Professor Ramaswami suggested some steps for HR to deescalate the situation:

  • Determine when and where is a good place to discuss the issue calmly and openly. This includes discussing what a potential resolution and outcome could look like. Timing is important, so HR leaders need to consider if the conversation should be immediate or if there’s room for some time to pass for emotions to cool down.
  • Calmly listen to the individuals and discuss with them the reasons for bringing up the issue. The purpose of this step is to understand what triggered the blowout.
  • Gather all the facts and evidence through conversations with all those involved and any other relevant parties to fully understand the situation. This includes finding out the root causes for the confrontation and if it is a new or persistent issue.
  • If necessary, include an additional party to help mediate the situation.

Read more: Conflict resolution in the workplace at its finest

Is HR solely responsible to tackle co-worker disputes?
As the professor pointed out, a successful mediation is dependent on the leader’s ability to listen and remain open-minded.

While it all sounds like pretty straightforward and simple steps to follow, mediators must be prepared to go through the process for as long as it’ll take to reach a clear resolution, as is appropriate.

If you’re lucky, it could all be settled in less than a day. Bringing the parties involved to air their grievances can lead to a realisation that it was all a clear misunderstanding. This would allow the co-workers to realign, put their differences aside and get back to work.

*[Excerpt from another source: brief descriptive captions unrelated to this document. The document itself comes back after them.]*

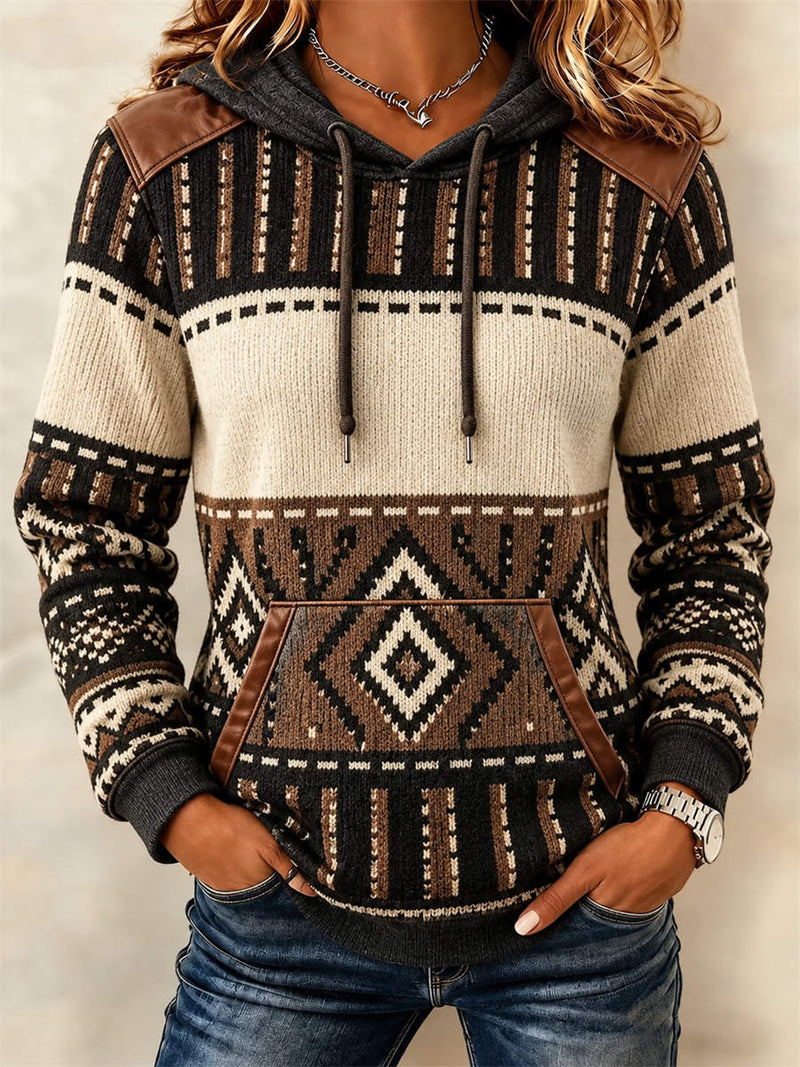 Women's Brown Cream Geometric Print Drawstring Hooded Long Sleeve Hoodie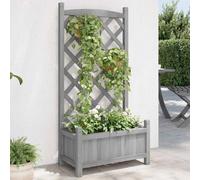 Jardinière avec treillis gris bois massif de sapin 365486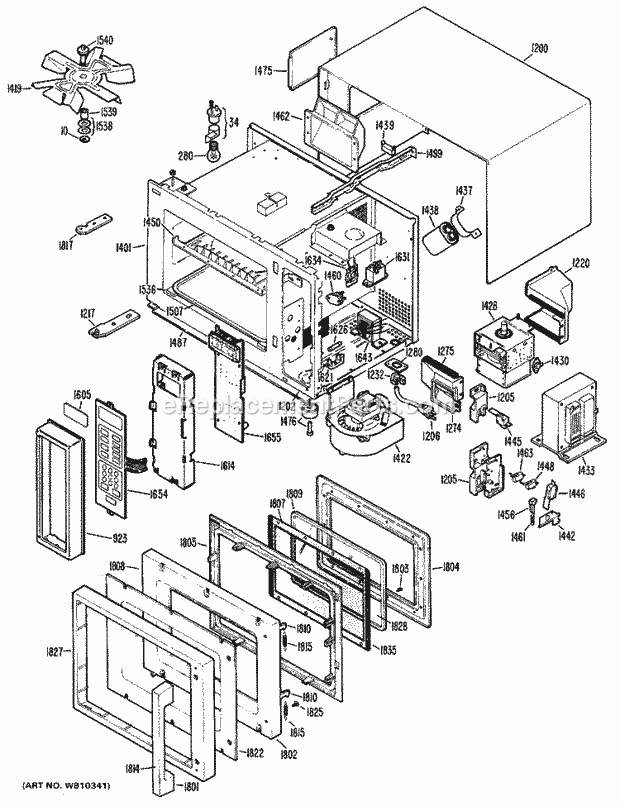 Hotpoint RE65002 Electric Hotpoint Microwave Ovens Section Diagram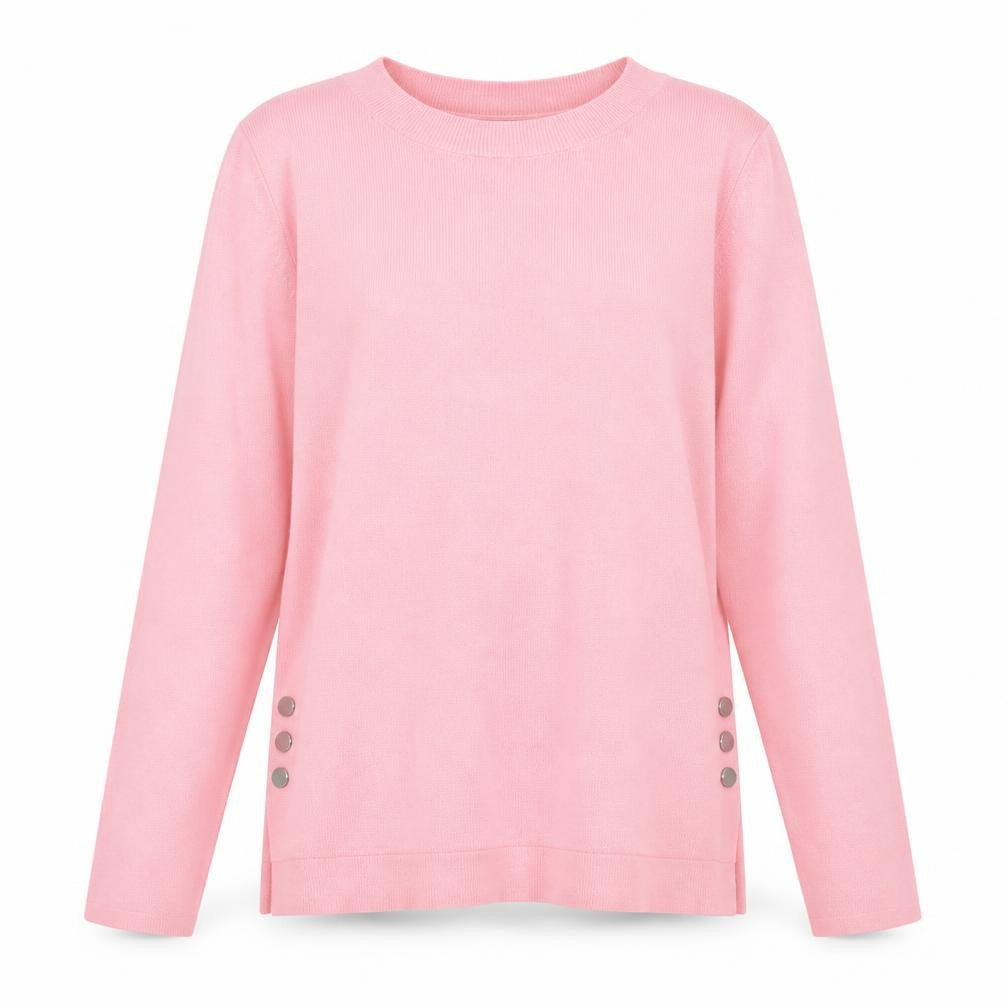 Oasis Womens Pink Round Neck Cotton Pullover Jumper Size XS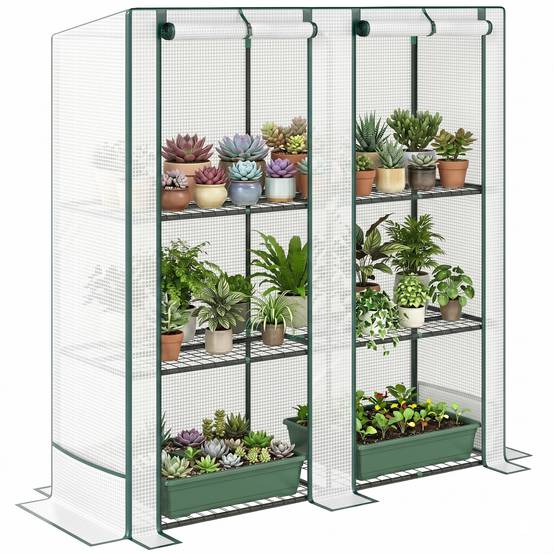 Mini-serre avec étagère à 3 niveaux, couverture plastique résistante aux UV, portable, porte enroulable, 144 × 48 × 152 cm, blanc - Image 1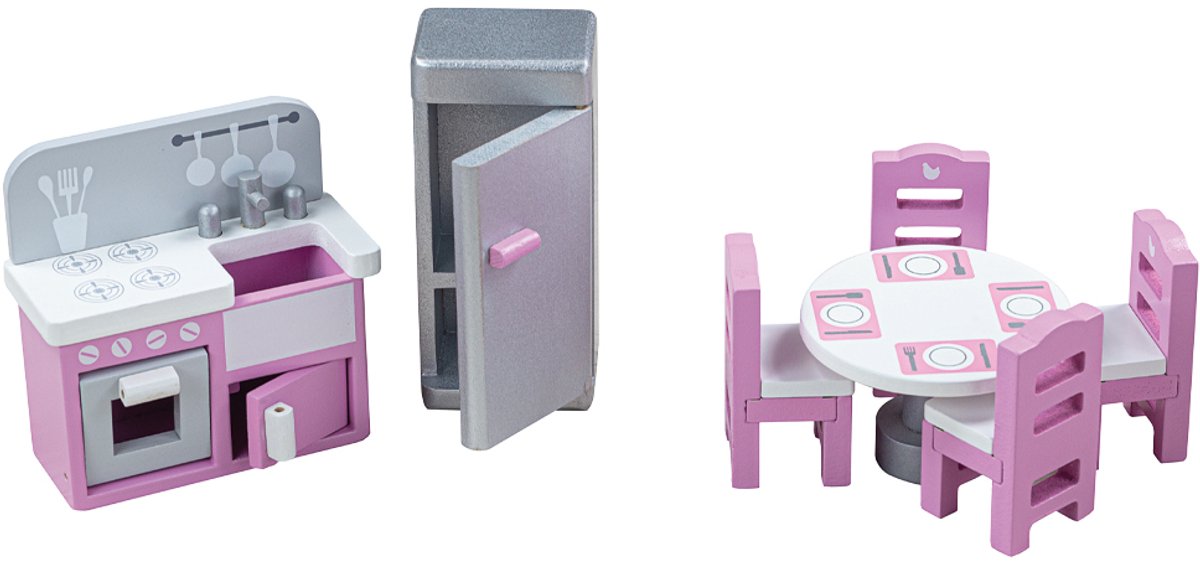 Tidlo Wooden Dollhouse Möbel Küche, 9dlg.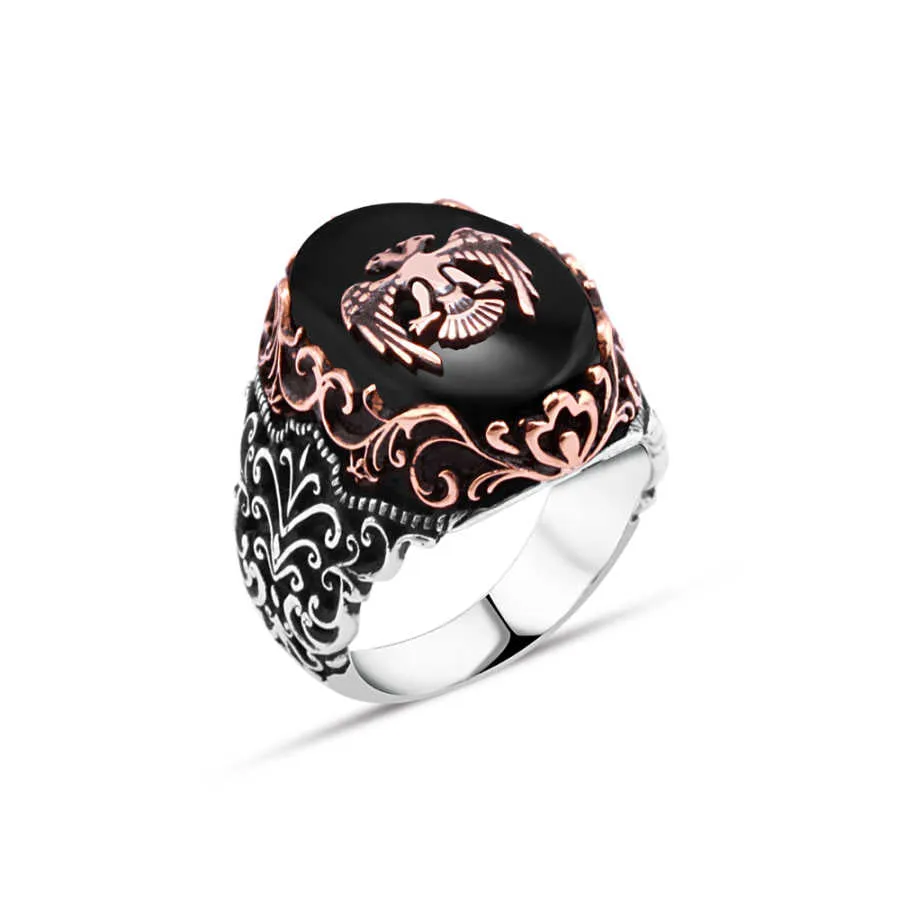 Seljuk Eagle on Black Ellipse Onyx Stone Silver Men's Ring with Wavy Pattern Around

If the problem is a persistent one, it may take days and future follow-ups to avoid future fights.

In this situation, it’s best to discuss with the team manager how best to handle the situation. Should you avoid pairing the conflicting teammates on future projects? Or have the manager ready to act as a buffer and facilitate training to improve the team’s communication capabilities?

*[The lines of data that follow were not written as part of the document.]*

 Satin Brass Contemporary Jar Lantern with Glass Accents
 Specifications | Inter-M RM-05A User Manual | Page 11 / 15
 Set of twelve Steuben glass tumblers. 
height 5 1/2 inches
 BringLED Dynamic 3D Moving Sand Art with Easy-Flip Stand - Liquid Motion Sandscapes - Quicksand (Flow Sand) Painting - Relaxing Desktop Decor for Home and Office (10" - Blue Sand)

Either way, it’s not HR’s sole responsibility to solve the situation or even provide any answers. All parties must be willing to work together to achieve an agreeable resolution.

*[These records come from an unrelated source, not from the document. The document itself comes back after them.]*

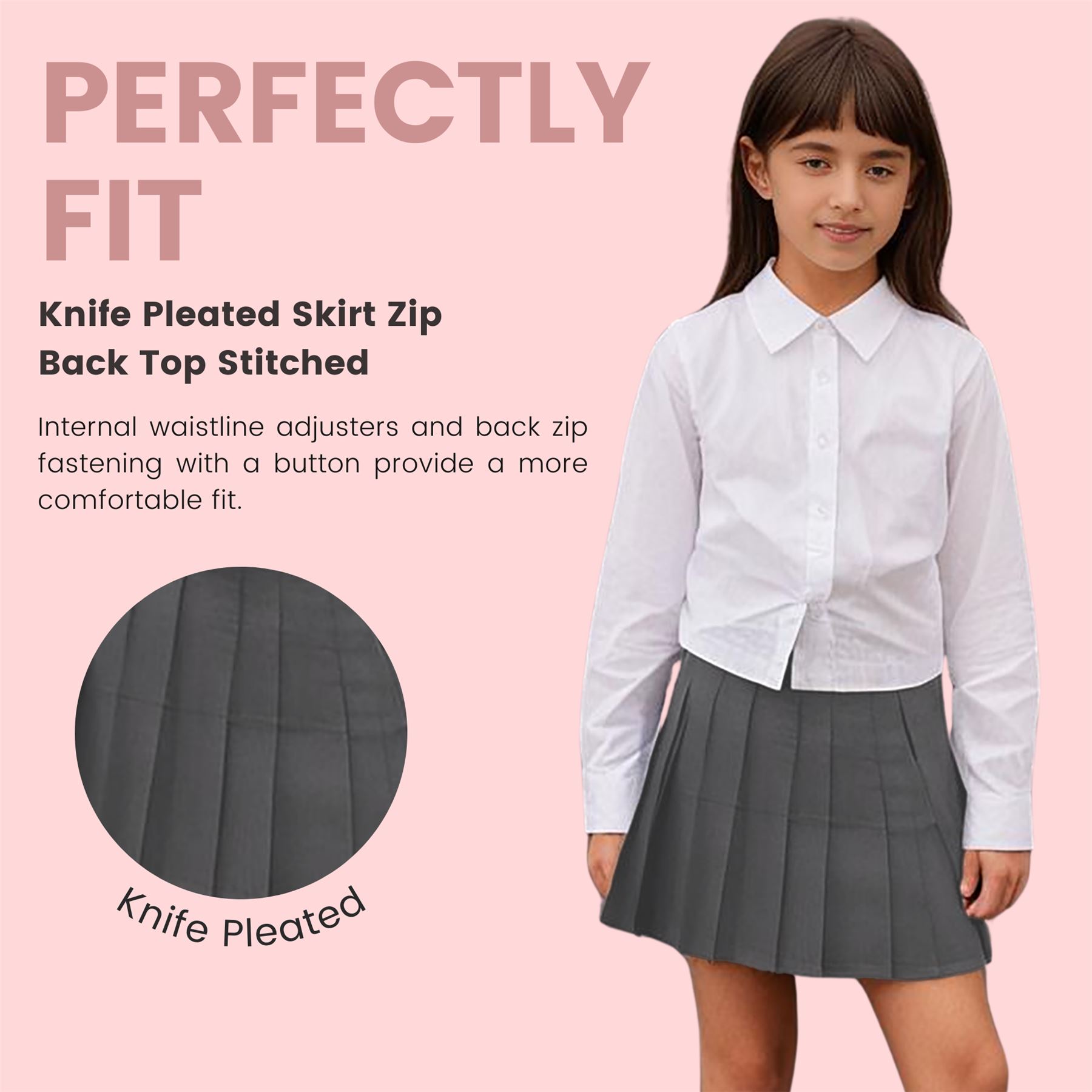 Girls School Skirt All Round Knife Pleated Top Stitched Uniform Mini Skirts - Picture 8 of 11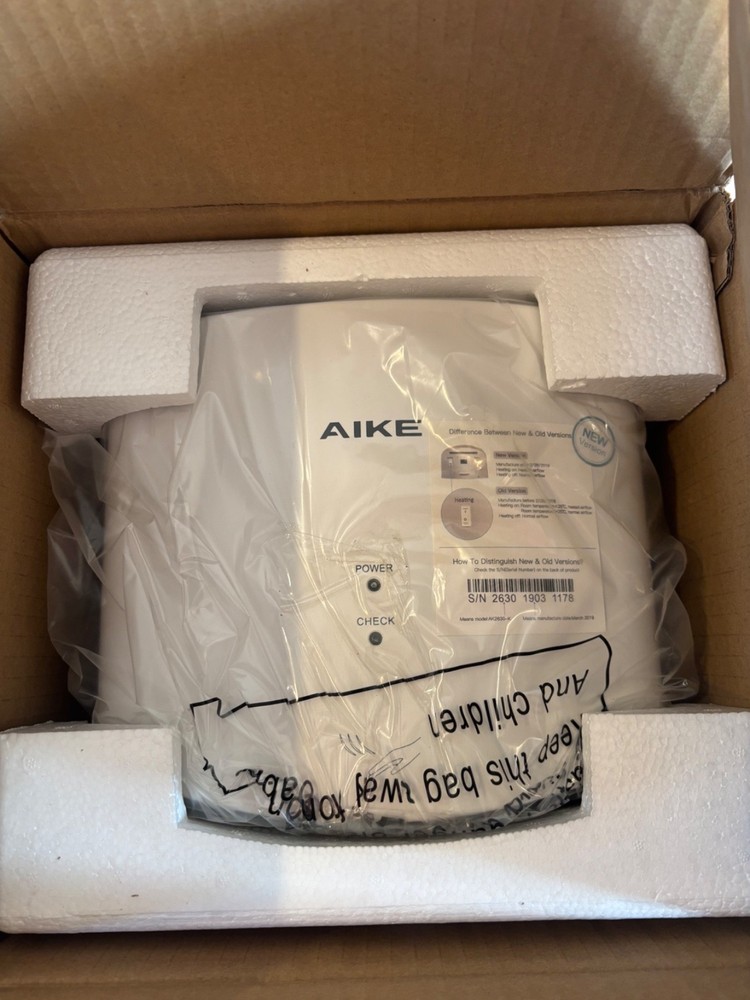 AIKE AK2630 Compact Hand Dryer 1400W – 110V White Air Wiper, 2-Pin Plug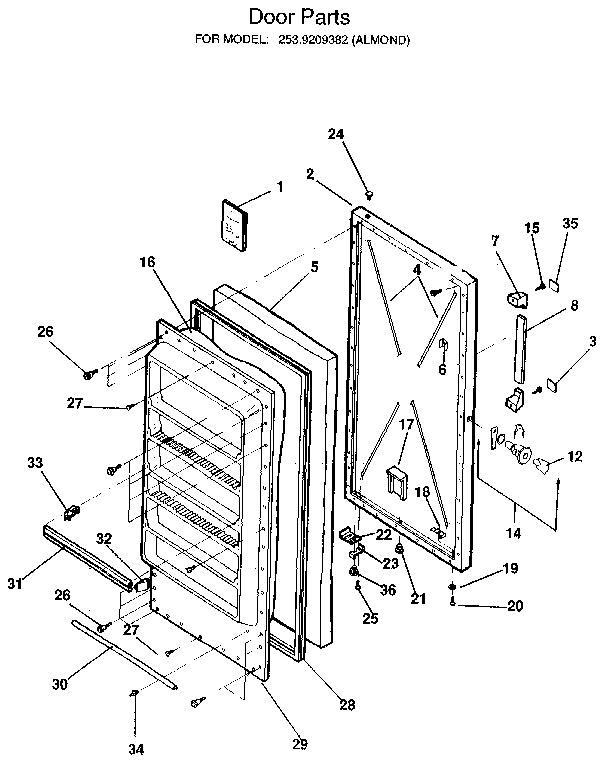 Kenmore 2539209382 door diagram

HR should, however, be able to manage delicate details like timing of the talks and offer resources as well as a genuine listening ear to frustrated teammates.

“HR should play a role in raising awareness and mindfulness amongst the workforce that misunderstandings [are more likely] in high stress periods,” the professor told HRD.

“HR should also play a role in creating and nurturing an open culture for feedback and addressing grievances, so that a minor issue can be addressed reasonably and sooner – before it evolves into a confrontation or a serious conflict.”

Read more: How to avoid conflict in the workplace

How to avoid future confrontations
As for future disputes, Professor Ramaswami believes it’s not that easy to avoid it at the workplace where it’s common to have a diverse group of individuals from different backgrounds and with varying personalities.

“Avoiding confrontations completely may not be possible and perhaps some confrontations are necessary to challenge the status quo,” she said.

In fact, having disagreements at work can lead to positive change. They could result in conversations that will ultimately benefit employees and the company culture, for instance, offering a chance to question any unfairness or discrimination in the workplace.

It could also allow co-workers to share any hidden emotions about one another or issues with non-conducive team dynamics and eventually build a better, stronger team.

“Confrontations may offer a great opportunity for teams and organizations to reassess the culture and practices, and to have deeper conversations,” she said.

“Perhaps the goal can be to minimise the negative effects of confrontation and convert or direct that conversation towards a future of more positive opportunities or possibilities for the parties involved.”